We are not persuaded that the National Muffler factors favor taxpayers’ position here. Although the regulation was not issued contemporaneously with the statute nor been long in place, taxpayers have not shown they detrimentally relied on any prior understanding of the statute. The Commissioner's interpretation of the statute apparently has changed primarily because of judicial decisions such as Occidental II, 82 T.C. 819, 1984 WL 15576 (T.C.1984), and First Chicago Corp., 842 F.2d at 180. See T.D. 8416, 1992-1 C.B. 7, 8 (noting that Treas.Reg. § 1.58-9 is “[cjonsistent” with the holding of First Chicago ). Furthermore, although Congress may not have re-enacted the statute, it expressly noted the statute would continue to apply to the years preceding the repeal of § 58(h). See supra note 11. Finally, National Muffler involved an interpretative regulation issued under the general grant of authority of I.R.C. § 7805(a), rather than a regulation issued pursuant to a specific statutory mandate. In view of this, the National Muffler analysis is somewhat less helpful.

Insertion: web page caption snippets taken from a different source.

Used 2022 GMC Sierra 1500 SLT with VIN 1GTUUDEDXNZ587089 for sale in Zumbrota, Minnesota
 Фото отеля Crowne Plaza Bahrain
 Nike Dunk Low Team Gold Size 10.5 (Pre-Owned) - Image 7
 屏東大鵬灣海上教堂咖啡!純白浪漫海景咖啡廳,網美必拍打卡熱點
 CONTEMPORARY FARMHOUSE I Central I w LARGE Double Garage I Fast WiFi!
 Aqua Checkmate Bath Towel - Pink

. The Tax Reform Act of 1986 replaced the add-on minimum tax for corporations with an alternative minimum tax for taxable years after 1986. Tax Reform Act of 1986, Pub.L. No. 99-514, § 701, 100 Stat. 2085, 2320-45 (1986) (codified as amended at I.R.C. §§ 55-59 (1988)). Under the old system, foreign tax credits could not be used to offset the minimum tax. Under the new alternative minimum tax, foreign tax credits are permitted to offset up to 90% of the tax. See First Chicago Corp., 842 F.2d at 182; I.R.C. § 55, 59(a)(2) (1988 & Supp.1994).